• **Task details**
Starting with the first line of the data that follows, transcribe every line verbatim until the line containing "Taubaté - SP" has been transcribed.

##########

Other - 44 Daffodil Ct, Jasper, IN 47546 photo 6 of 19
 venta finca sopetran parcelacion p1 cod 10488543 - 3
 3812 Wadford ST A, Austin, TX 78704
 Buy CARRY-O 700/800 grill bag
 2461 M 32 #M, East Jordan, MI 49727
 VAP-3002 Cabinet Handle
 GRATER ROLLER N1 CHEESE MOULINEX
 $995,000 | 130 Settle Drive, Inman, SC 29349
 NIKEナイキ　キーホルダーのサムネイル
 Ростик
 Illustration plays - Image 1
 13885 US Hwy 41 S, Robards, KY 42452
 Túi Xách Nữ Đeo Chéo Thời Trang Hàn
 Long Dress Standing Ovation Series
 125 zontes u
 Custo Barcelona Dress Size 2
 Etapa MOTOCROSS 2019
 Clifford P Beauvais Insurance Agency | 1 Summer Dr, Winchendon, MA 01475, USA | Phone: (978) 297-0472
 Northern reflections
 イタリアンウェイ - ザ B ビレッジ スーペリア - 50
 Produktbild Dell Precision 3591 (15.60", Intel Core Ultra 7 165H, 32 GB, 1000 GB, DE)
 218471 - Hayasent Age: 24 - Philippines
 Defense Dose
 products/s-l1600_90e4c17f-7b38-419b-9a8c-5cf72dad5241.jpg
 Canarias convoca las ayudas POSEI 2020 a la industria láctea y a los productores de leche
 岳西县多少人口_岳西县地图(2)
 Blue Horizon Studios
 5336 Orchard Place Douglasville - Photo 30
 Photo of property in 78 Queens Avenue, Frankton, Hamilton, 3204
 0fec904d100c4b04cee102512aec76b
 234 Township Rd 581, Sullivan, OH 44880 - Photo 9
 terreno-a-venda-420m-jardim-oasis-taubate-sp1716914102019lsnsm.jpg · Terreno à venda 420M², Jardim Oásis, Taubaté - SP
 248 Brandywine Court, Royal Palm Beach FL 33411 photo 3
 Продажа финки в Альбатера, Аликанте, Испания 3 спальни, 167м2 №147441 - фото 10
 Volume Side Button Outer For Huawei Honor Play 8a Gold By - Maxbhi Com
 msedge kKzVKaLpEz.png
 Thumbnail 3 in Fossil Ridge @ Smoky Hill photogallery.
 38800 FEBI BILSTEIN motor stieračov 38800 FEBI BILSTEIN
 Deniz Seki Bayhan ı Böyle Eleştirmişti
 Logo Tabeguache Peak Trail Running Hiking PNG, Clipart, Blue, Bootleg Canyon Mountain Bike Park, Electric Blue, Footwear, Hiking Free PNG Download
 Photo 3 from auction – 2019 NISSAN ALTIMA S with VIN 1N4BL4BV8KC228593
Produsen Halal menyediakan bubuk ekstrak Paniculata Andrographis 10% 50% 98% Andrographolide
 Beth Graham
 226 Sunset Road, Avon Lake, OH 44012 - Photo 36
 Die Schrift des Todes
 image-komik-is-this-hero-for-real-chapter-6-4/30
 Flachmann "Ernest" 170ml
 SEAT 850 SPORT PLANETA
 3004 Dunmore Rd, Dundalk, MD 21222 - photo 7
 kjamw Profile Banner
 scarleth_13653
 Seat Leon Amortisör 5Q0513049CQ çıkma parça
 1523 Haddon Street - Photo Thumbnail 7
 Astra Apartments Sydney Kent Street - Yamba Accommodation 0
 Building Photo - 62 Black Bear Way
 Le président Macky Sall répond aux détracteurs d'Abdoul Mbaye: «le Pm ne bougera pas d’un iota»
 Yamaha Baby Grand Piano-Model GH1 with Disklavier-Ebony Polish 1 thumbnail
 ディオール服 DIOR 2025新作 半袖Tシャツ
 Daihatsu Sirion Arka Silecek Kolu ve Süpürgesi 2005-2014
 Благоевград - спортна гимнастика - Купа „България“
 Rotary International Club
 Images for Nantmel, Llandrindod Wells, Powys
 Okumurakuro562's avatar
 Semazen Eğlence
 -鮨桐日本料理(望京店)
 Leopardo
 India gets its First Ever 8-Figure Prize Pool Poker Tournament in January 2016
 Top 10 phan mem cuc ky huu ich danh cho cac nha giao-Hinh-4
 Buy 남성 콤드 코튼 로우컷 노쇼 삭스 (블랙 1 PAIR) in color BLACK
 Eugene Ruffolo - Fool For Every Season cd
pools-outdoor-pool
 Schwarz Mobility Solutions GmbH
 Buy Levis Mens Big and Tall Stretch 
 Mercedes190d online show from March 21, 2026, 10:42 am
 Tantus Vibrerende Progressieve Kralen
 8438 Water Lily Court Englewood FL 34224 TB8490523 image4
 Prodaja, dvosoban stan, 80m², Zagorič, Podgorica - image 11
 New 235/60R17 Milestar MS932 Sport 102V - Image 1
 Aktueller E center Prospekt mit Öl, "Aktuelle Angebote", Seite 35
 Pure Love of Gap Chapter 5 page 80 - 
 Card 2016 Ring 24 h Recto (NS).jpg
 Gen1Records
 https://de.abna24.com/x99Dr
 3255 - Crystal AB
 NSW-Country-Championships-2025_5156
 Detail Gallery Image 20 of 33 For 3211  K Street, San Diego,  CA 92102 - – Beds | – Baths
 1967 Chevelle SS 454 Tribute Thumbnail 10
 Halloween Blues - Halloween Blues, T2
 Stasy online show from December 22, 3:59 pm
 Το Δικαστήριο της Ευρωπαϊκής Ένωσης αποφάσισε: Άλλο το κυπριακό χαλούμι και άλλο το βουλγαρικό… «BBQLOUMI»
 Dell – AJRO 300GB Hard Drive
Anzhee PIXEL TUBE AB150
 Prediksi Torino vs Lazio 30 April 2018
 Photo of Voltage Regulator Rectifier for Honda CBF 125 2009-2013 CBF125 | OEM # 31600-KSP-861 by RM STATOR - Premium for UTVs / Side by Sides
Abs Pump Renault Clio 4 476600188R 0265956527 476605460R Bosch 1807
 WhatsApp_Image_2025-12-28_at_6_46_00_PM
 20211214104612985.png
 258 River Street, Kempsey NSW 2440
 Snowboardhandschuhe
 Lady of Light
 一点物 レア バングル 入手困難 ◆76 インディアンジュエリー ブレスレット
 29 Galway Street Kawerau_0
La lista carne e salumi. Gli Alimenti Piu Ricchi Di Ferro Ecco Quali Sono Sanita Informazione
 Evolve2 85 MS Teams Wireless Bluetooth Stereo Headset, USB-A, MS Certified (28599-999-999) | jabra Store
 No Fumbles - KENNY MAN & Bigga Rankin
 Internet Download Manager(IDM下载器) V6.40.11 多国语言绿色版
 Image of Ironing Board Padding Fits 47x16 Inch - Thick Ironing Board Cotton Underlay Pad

##########

• **Response for this exercise**
Other - 44 Daffodil Ct, Jasper, IN 47546 photo 6 of 19
 venta finca sopetran parcelacion p1 cod 10488543 - 3
 3812 Wadford ST A, Austin, TX 78704
 Buy CARRY-O 700/800 grill bag
 2461 M 32 #M, East Jordan, MI 49727
 VAP-3002 Cabinet Handle
 GRATER ROLLER N1 CHEESE MOULINEX
 $995,000 | 130 Settle Drive, Inman, SC 29349
 NIKEナイキ　キーホルダーのサムネイル
 Ростик
 Illustration plays - Image 1
 13885 US Hwy 41 S, Robards, KY 42452
 Túi Xách Nữ Đeo Chéo Thời Trang Hàn
 Long Dress Standing Ovation Series
 125 zontes u
 Custo Barcelona Dress Size 2
 Etapa MOTOCROSS 2019
 Clifford P Beauvais Insurance Agency | 1 Summer Dr, Winchendon, MA 01475, USA | Phone: (978) 297-0472
 Northern reflections
 イタリアンウェイ - ザ B ビレッジ スーペリア - 50
 Produktbild Dell Precision 3591 (15.60", Intel Core Ultra 7 165H, 32 GB, 1000 GB, DE)
 218471 - Hayasent Age: 24 - Philippines
 Defense Dose
 products/s-l1600_90e4c17f-7b38-419b-9a8c-5cf72dad5241.jpg
 Canarias convoca las ayudas POSEI 2020 a la industria láctea y a los productores de leche
 岳西县多少人口_岳西县地图(2)
 Blue Horizon Studios
 5336 Orchard Place Douglasville - Photo 30
 Photo of property in 78 Queens Avenue, Frankton, Hamilton, 3204
 0fec904d100c4b04cee102512aec76b
 234 Township Rd 581, Sullivan, OH 44880 - Photo 9
 terreno-a-venda-420m-jardim-oasis-taubate-sp1716914102019lsnsm.jpg · Terreno à venda 420M², Jardim Oásis, Taubaté - SP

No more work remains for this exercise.